Accordingly, we further obtain the representation of edge $e_{ij}$ through Eqs. 3 and 4, as shown in Eq. 12.

$$\begin{aligned} \begin{aligned} h_{e_{ij}}^{(l)}=&(( w_{lo}^{im}(({\mathscr {F}}_{lo}\star {\mathscr {X}})_{{\mathscr {G}}})_i + w_{hi}^{im}(({\mathscr {F}}_{hi}\star {\mathscr {X}})_{{\mathscr {G}}})_i+h_{i}^{(l-1)})~|| \\&( w_{lo}^{jk}(({\mathscr {F}}_{lo}\star {\mathscr {X}})_{{\mathscr {G}}})_j + w_{hi}^{jk}(({\mathscr {F}}_{hi}\star {\mathscr {X}})_{{\mathscr {G}}})_j+h_{j}^{(l-1)})) \end{aligned} \end{aligned}$$

(12)

Link representation normalization

We further investigate the impact of transformation manipulations in GNN layers on the performance of link prediction models. As highlighted by Zhou et al.²⁴ and Zhang et al.³, the performance of GNNs deteriorates and experiences rapid fluctuations with increasing network depth, suggesting a growing problem of training instability. Current regularization methods, such as Dropout, as mentioned in Zhou et al.²⁴, cannot effectively address these issues. Drawing inspiration from Zhou et al.²⁴ and our previous work³, we propose an edge representation normalization technique named EdgeNorm. This method employs its own mean $\mu _{e_{ij}}^{(l)}$ and standard deviation $\sigma _{e_{ij}}^{(l)}$, as demonstrated in Eqs. 13 and 14, respectively.
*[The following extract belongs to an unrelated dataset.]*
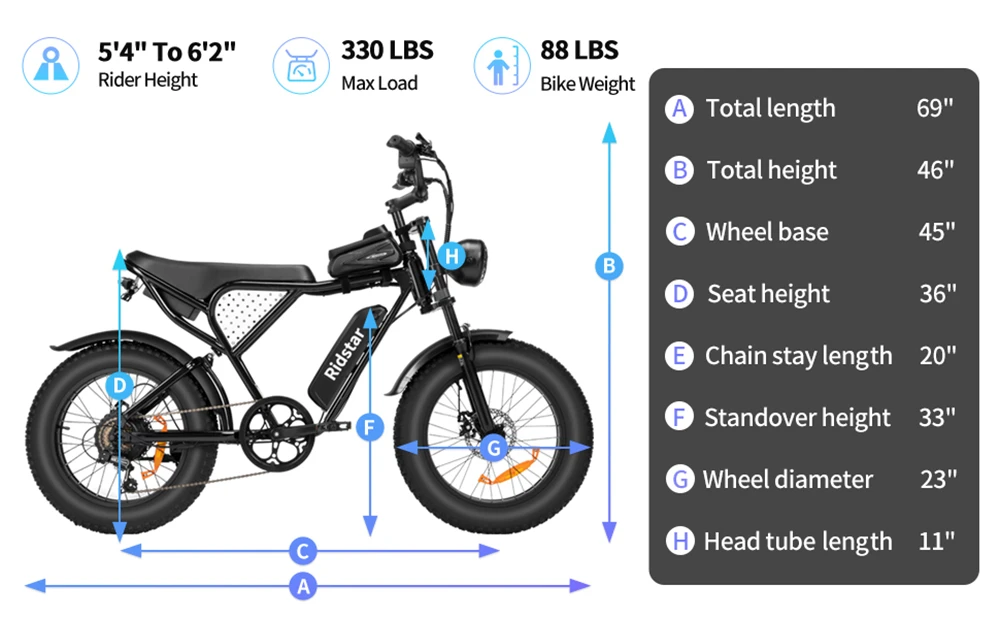 Ridstar Q20 Mini Electric Bike, 1000W Motor, 48V 15AH Battery, 20*4.0 inch Fat Tires, 40km/h Max Speed, 80km Range, Front Suspension Fork, Mechanical Disc Brakes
$$\begin{aligned} \mu _{e_{ij}}^{(l)}= & {} \frac{1}{d_l}\sum _{k=0}^{d_l-1}{h_{e_{ij}k}^{(l)}} \end{aligned}$$

(13)

$$\begin{aligned} \sigma _{e_{ij}}^{(l)}= & {} \sqrt{\frac{1}{d_l}\sum _{k=0}^{d_l-1}{(h_{e_{ij}k}^{(l)}-\mu _{e_{ij}}^{(l)})}} \end{aligned}$$

(14)

where $d_l$ is the edge representation vector dimension; therefore, the strategy EdgeNorm is given in Eq. 15.

$$\begin{aligned} EdgeNorm(h_{e_{ij}}^{(l)})=\frac{h_{e_{ij}}^{(l)}-\mu _{e_{ij}}^{(l)}}{\sigma _{e_{ij}}^{(l)}} \end{aligned}$$

(15)

where $\mu _{e_{ij}}^{(l)}$ and $\sigma _{e_{ij}}^{(l)}$ represent the elementwise mean and deviation of edge $e_{ij}$ demonstrated in Eqs. 13 and 14, respectively. Consequently, an EdgeConvHiF layer, combined with EdgeNorm and a residual connection, results in Eq. 16.

$$\begin{aligned} h_{e_{ij}}^{(l+1)}=LeakyReLU(EdgeNorm(h_{e_{ij}}^{(l)}))+ h_{e_{ij}}^{(l)} \end{aligned}$$

(16)

Thankfully, incorporating the EdgeConvHiF layer into a widely-used deep graph learning framework is straightforward (In this paper, we utilize pytorch_geometric to implement EdgeConvHiF for link prediction within complex networks). Components like binary_cross_entropy_with_logits are employed to estimate the model performance.

Link prediction framework

In this section, we outline the construction of a comprehensive framework for link prediction in complex networks, which incorporates the EdgeConvHiF and a binary classifier called sigmoid, as depicted in Fig. 1. We start by developing the EdgeConvHiF for link representation learning by stacking the edge convolutional layers, as indicated in Eq. 16. Following this, we employ a binary classifier, sigmoid, on the Hadamard product of two node representations acquired from the learned link representation through Eq. 17, resulting in a link predictor as expressed in Eq. 18. Lastly, to improve and optimize the EdgeConvHiF’s performance, we apply the binary_cross_entropy_with_logits loss function from the pytorch_geometric. The complete procedure described above can be observed in Fig. 1.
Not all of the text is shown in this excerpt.